基本トーンは、自分の意思を強く前面に打ち出しており、ポジティヴだ。だが微信のアカウントから発した文章が削除されたり、ブログが遮断されたりすると、弱気にもなる。「私はまるで弓の音に怯える小鳥のようだ。話していいこと、話してはいけないことの区別が、もうわからない。感染症との闘いは最重要事項だから、全力で政府に協力し、あらゆる指示に従う。私は拳を握って誓う。それでもダメなのか?」

 そうした弱気も含め、すべて書いている。そこがこの本の最大の強みだろう。「わずかな時代の塵でも、それが個人の頭に積もれば山となる」。著者の言葉だ。個人の日記は小さな力かもしれない。だがあらゆる形式を駆使して、みんなが記録を残せば、それが財産になる。著者の信念はその一点にかぎってはいっさいブレていない。いいことも悪いことも、情報として入手できたことはすべて書くのだ、と。
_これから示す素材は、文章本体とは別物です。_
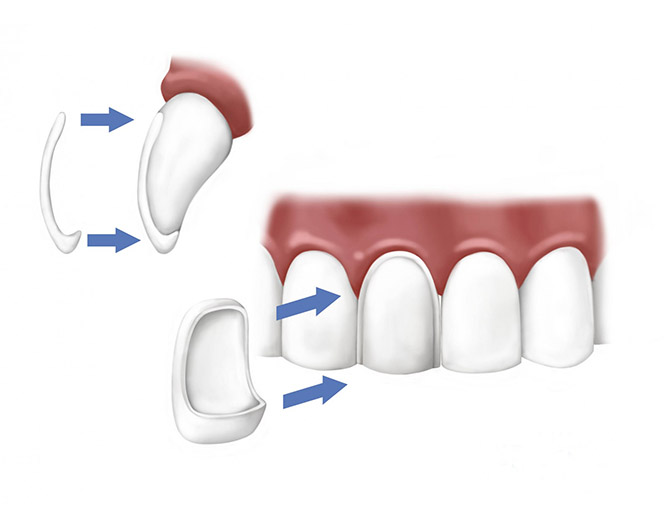 porcelain-veneers-beverly-hills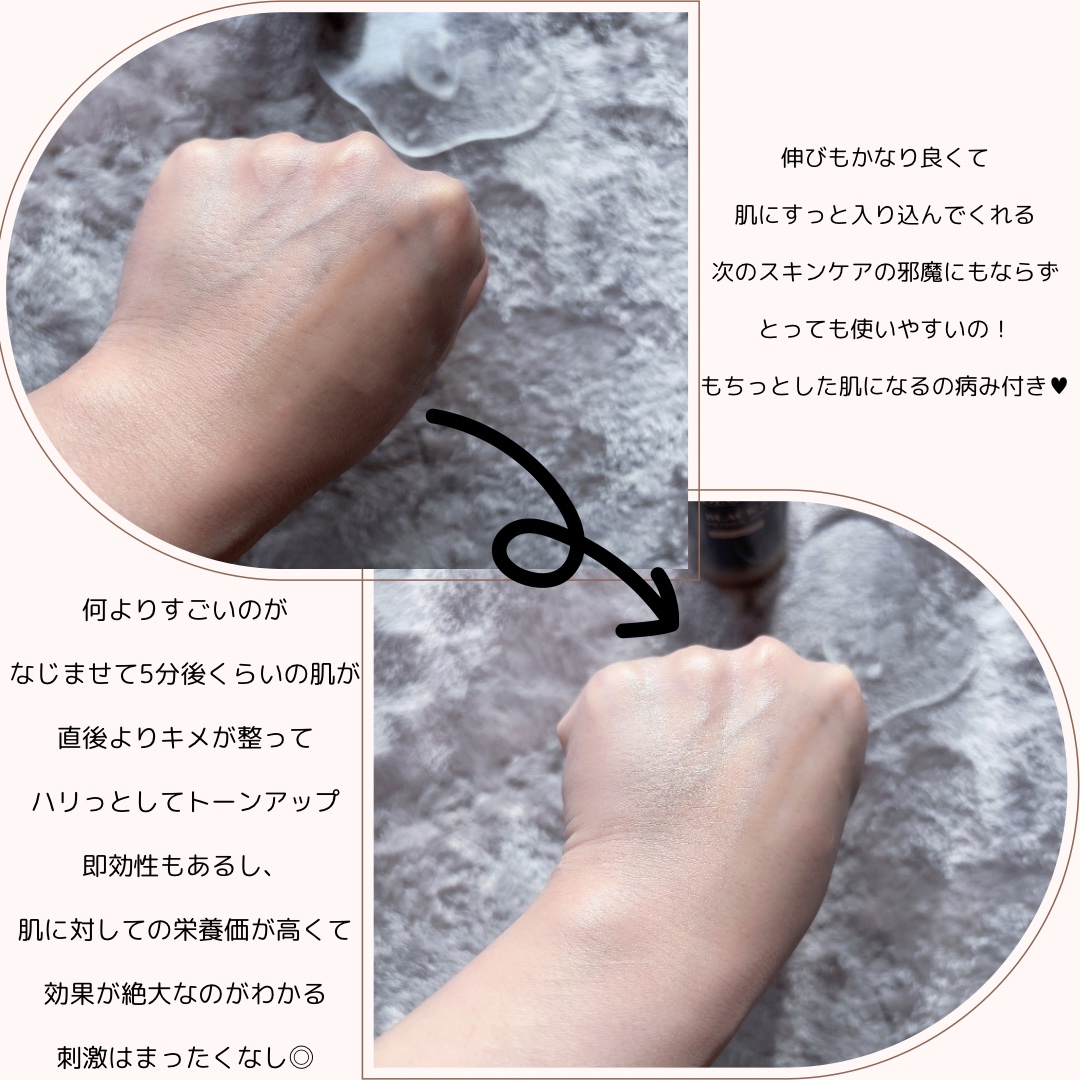 ブラックスネイルレチノールセラム/Dr.G/美容液を使ったクチコミ（3枚目）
 当局からも一般読者からも激しい非難にさらされた著者に、恐ろしくなかったのか、と尋ねた人がいる。著者の言葉は明白。「平気です。何も恐ろしくありません。彼らのほうこそ、私を恐れるべきでしょう? 私はプロの作家で書くことが仕事ですから、彼らを恐れるはずがありません」

 これほど腹のすわった物書きに敬意を示したい。そのうえで、彼女の作品(フィクション)が、ほとんどまだ日本語に訳されていないことは悲しむべきことと思う。彼女の小説群が日本語に訳される日がはやく訪れることを祈りたい。それとも、本書を映画化するというのはどうか。観たい。